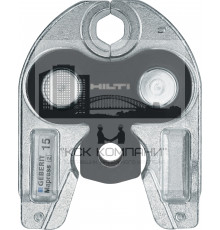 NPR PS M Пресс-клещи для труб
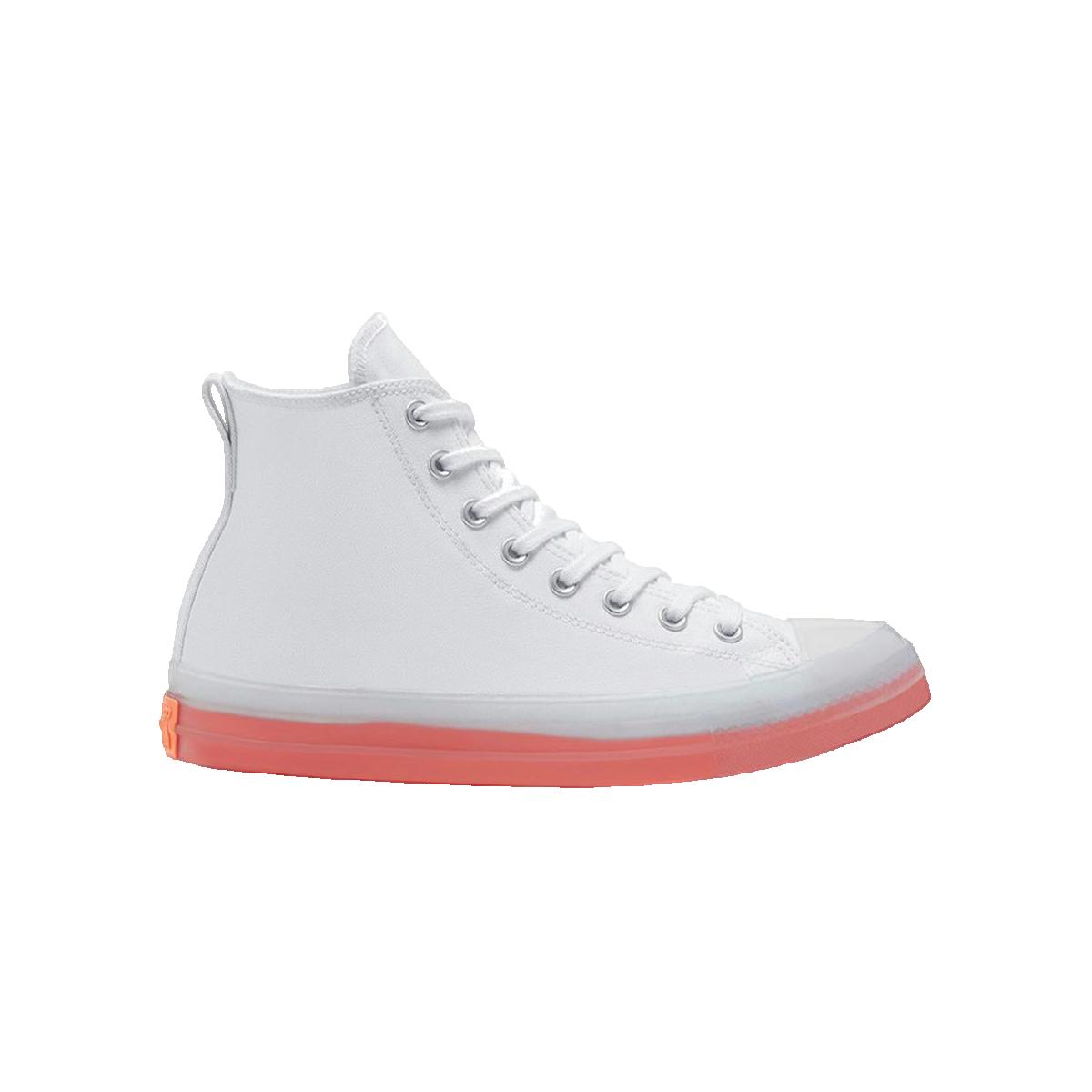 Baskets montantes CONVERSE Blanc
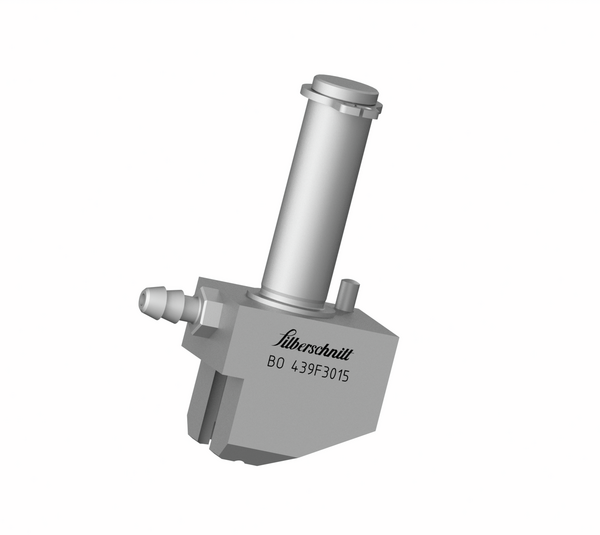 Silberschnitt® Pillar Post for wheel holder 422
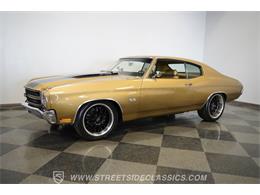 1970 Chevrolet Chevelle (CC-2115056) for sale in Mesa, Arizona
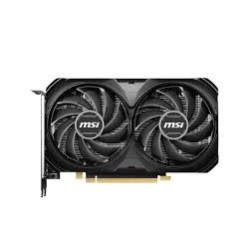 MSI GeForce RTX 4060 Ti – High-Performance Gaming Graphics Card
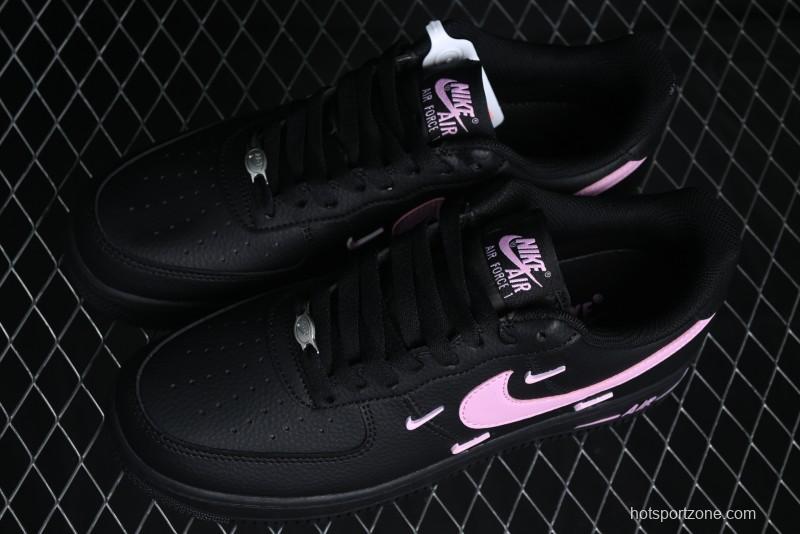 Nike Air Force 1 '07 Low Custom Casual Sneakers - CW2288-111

◆ ◆ ◆ ◆ ◆ ◆ ◆

ABOUT THIS TASK: Make an exact copy of the records above, with the pictures left out.

OUTPUT BELOW:
 NPR PS M Пресс-клещи для труб
 Baskets montantes CONVERSE Blanc
 Silberschnitt® Pillar Post for wheel holder 422
 1970 Chevrolet Chevelle (CC-2115056) for sale in Mesa, Arizona
 MSI GeForce RTX 4060 Ti – High-Performance Gaming Graphics Card
 Nike Air Force 1 '07 Low Custom Casual Sneakers - CW2288-111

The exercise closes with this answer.